■ TASK PROMPT
The expected output is the first line of the data below and every line after it, up to and including the line containing "2202 35 Street SE - photo 38", each reproduced exactly.
[DATA RECORDS]
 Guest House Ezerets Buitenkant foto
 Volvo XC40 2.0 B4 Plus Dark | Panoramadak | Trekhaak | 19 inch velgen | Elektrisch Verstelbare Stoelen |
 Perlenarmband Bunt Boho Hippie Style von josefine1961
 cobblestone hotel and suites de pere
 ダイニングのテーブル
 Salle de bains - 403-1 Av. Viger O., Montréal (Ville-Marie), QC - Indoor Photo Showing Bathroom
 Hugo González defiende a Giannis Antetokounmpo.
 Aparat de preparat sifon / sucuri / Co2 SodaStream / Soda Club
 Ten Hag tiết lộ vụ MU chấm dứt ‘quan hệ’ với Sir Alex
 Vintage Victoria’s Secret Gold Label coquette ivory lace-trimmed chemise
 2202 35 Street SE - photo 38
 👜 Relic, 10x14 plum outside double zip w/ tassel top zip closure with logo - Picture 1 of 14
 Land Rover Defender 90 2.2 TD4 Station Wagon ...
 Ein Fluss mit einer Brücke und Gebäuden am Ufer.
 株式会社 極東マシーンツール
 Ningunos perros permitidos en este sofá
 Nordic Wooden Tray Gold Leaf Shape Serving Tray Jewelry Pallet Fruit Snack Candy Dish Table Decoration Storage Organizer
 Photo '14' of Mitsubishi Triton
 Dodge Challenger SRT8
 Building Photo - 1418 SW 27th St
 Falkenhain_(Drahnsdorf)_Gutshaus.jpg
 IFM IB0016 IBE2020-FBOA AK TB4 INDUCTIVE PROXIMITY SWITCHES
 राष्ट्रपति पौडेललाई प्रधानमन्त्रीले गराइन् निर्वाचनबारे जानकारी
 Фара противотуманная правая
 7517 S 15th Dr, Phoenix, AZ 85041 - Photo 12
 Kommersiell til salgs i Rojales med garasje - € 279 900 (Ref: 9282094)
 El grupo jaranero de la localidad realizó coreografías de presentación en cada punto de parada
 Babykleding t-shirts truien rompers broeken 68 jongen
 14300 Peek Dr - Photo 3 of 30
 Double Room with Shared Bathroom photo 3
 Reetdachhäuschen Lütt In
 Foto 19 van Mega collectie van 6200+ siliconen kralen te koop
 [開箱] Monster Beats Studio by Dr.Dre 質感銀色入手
[/DATA RECORDS]
■ RESULT BELOW
 Guest House Ezerets Buitenkant foto
 Volvo XC40 2.0 B4 Plus Dark | Panoramadak | Trekhaak | 19 inch velgen | Elektrisch Verstelbare Stoelen |
 Perlenarmband Bunt Boho Hippie Style von josefine1961
 cobblestone hotel and suites de pere
 ダイニングのテーブル
 Salle de bains - 403-1 Av. Viger O., Montréal (Ville-Marie), QC - Indoor Photo Showing Bathroom
 Hugo González defiende a Giannis Antetokounmpo.
 Aparat de preparat sifon / sucuri / Co2 SodaStream / Soda Club
 Ten Hag tiết lộ vụ MU chấm dứt ‘quan hệ’ với Sir Alex
 Vintage Victoria’s Secret Gold Label coquette ivory lace-trimmed chemise
 2202 35 Street SE - photo 38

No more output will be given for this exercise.